* INFORMATION PROVIDED *
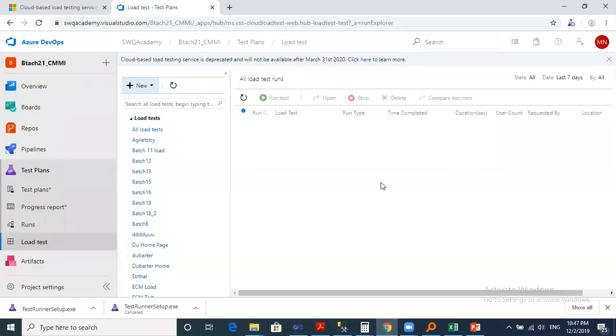Hello everyone, I was just about to do a load test on a website using Microsoft Azure DevOps and I found very sad news that Microsoft decided to deprecate the load test and it will end up on March 2020.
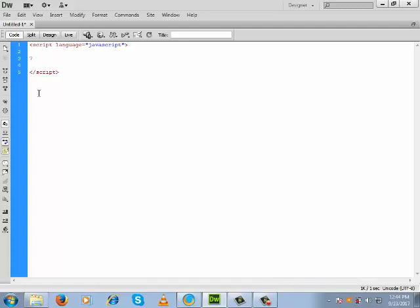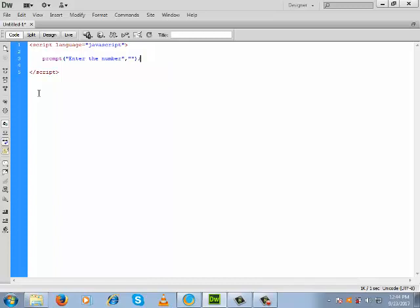Now we will make a program using JavaScript which will determine whether a given input is a prime number or not. For input, we will make a prompt box with the label 'Enter the number', keep the text box blank, and store the input inside a variable. That variable will give us the number.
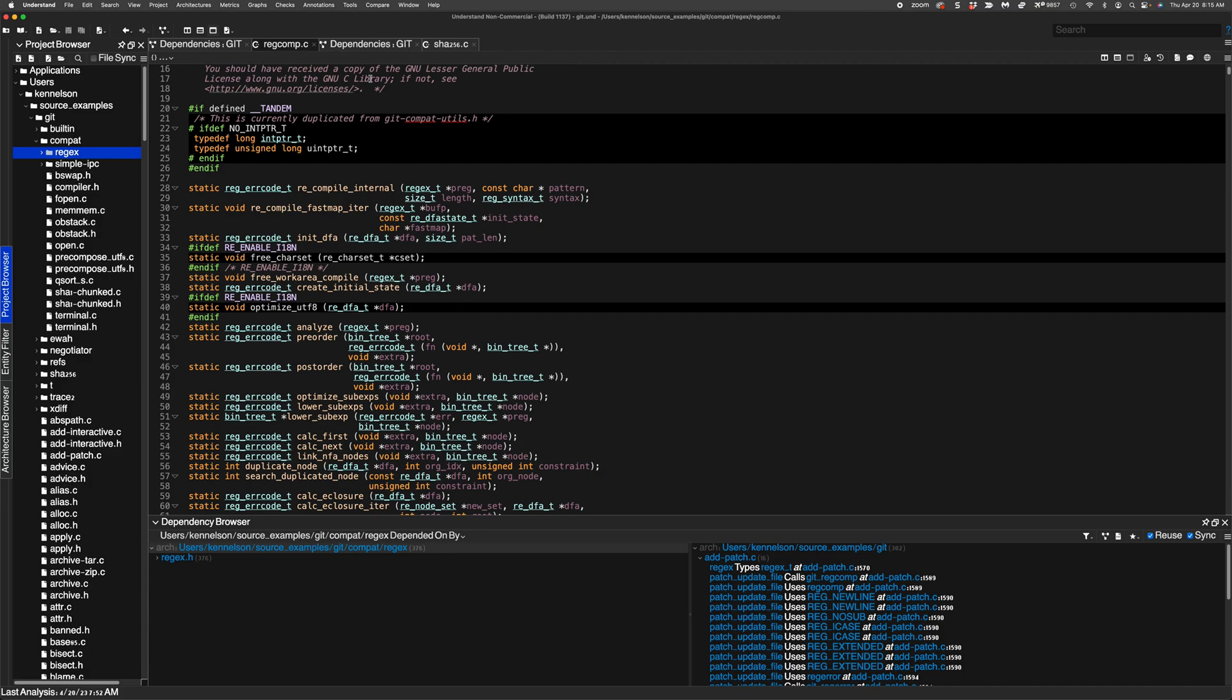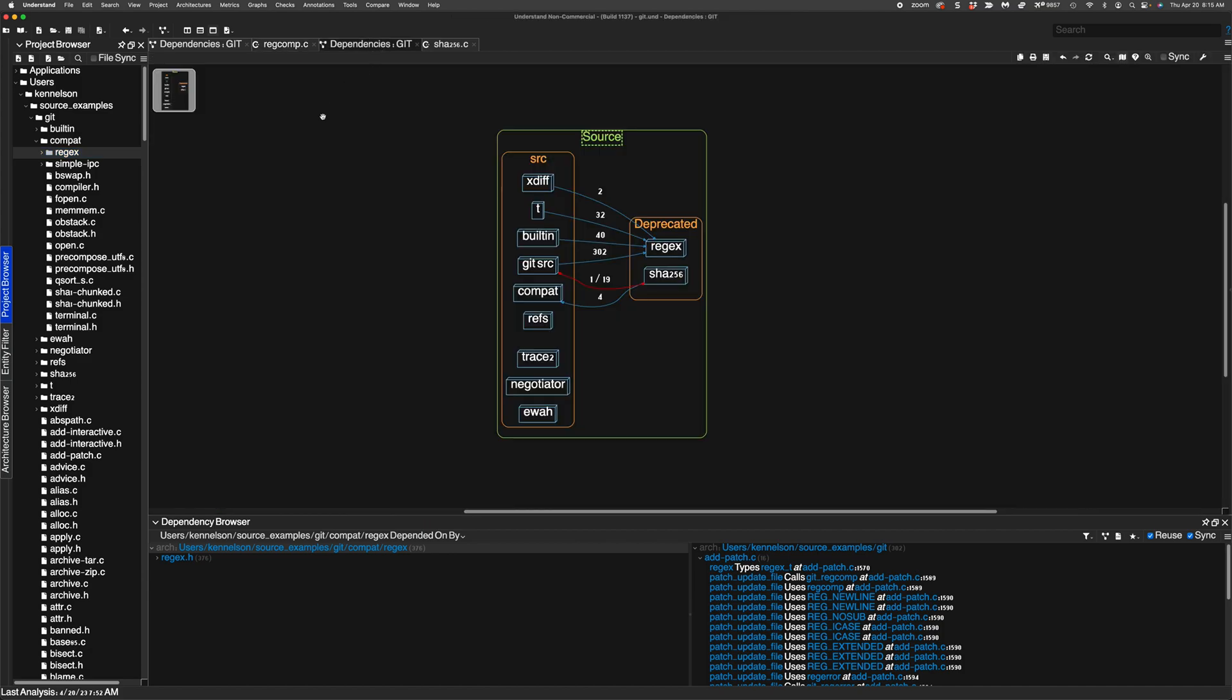So what I did is I made an architecture. It's easy to do in Understand. Most of the architecture I just put over in places that make sense to me when I think about the Git source code. But I created another architecture called deprecated and I dropped the regex and the SHA-256 code into there.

* WHAT YOU NEED TO DO *
The data above should be set down again exactly, with the pictures omitted.

* OUTPUT BELOW *
Hello everyone, I was just about to do a load test on a website using Microsoft Azure DevOps and I found very sad news that Microsoft decided to deprecate the load test and it will end up on March 2020.
Now we will make a program using JavaScript which will determine whether a given input is a prime number or not. For input, we will make a prompt box with the label 'Enter the number', keep the text box blank, and store the input inside a variable. That variable will give us the number.
So what I did is I made an architecture. It's easy to do in Understand. Most of the architecture I just put over in places that make sense to me when I think about the Git source code. But I created another architecture called deprecated and I dropped the regex and the SHA-256 code into there.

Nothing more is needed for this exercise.